Dans ce livre, pas de grandes envolées lyriques, pas de longues descriptions mais du quotidien, du palpable. Nous suivons la guerre à travers Anthime. « De fait, Anthime s’est adapté. Ne se fût-il pas adapté, d’ailleurs, eût-il montré du mal à supporter les choses et voulu le faire savoir, la censure du courrier n’aidait pas trop à ce qu’on se plaignît. Oui, Anthime s’est plutôt vite fait aux travaux quotidiens de nettoyage, de terrassement, de chargement et de transport de matériaux, aux séjours en tranchée, aux relèves nocturnes et aux jours de repos. » En peu de mot, beaucoup est dit.
Dans le chapitre 7, Jean Echenoz écrit : « Propulsons-nous vers cet insecte : à mesure qu’on l’approche, il grossit peu à peu jusqu’à se transformer en petit avion, biplan biplace de modèle Farman F37 Mené par deux hommes, un pilote et un observateur assis l’un derrière l’autre dans des fauteuils bruts, à peine protégés par deux pare-brises rudimentaires. » Il ne reste plus qu’à lancer la caméra de notre imagination et on voit le ballet mortel s’engager entre cet avion et l’appareil orné de la croix de Malte.
Dans un entretien, Jean Echenoz raconte comment l’idée de ce livre lui est venue en trouvant les carnets d’un combattant dans une malle.
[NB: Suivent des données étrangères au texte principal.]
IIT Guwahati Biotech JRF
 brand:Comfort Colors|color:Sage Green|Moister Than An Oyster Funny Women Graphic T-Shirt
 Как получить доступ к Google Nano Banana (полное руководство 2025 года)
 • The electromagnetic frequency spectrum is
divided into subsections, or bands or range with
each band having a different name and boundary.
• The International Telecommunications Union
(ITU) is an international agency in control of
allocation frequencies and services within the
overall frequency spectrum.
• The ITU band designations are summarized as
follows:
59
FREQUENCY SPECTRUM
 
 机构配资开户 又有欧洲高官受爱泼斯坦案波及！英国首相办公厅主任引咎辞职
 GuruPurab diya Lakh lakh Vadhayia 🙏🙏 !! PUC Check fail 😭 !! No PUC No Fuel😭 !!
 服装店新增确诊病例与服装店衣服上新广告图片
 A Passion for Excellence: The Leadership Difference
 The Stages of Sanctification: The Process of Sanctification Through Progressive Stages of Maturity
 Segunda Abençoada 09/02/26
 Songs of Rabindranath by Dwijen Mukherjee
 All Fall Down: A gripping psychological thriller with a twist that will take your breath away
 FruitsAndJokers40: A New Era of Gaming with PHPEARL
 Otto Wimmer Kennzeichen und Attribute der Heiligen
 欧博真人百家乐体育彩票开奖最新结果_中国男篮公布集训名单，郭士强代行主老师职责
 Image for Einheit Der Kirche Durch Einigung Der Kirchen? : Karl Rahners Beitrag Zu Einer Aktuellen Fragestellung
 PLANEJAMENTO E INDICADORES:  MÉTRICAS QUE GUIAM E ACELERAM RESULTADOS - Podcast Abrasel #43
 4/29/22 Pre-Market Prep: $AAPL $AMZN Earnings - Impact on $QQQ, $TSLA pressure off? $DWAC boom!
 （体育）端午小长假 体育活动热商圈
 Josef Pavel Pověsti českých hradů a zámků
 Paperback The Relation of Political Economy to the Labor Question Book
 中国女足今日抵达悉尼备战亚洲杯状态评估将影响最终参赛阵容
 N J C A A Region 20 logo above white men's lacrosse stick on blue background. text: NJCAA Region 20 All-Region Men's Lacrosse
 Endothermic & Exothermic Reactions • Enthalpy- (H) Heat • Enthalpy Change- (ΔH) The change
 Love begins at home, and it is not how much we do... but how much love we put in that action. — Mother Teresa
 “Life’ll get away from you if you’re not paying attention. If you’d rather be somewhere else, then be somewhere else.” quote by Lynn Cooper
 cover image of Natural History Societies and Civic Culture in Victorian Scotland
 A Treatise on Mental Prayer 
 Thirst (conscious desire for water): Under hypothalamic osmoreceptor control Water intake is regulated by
Il décrit les choses comme on les note dans son cahier « son havresac, modèle as de carreau 1893 et dont l’infrastructure était un cadre en bois couvert d’une enveloppe de toile épaisse du berg wagon au brun cachou ».
C’est un livre court mais puissant, dense, bouleversant, concret. En peu de mot, il démarre notre caméra mentale pour un voyage dans l’enfer du quotidien de la guerre. Un superbe livre, je ne me lasse pas de la belle écriture de jean Echenoz.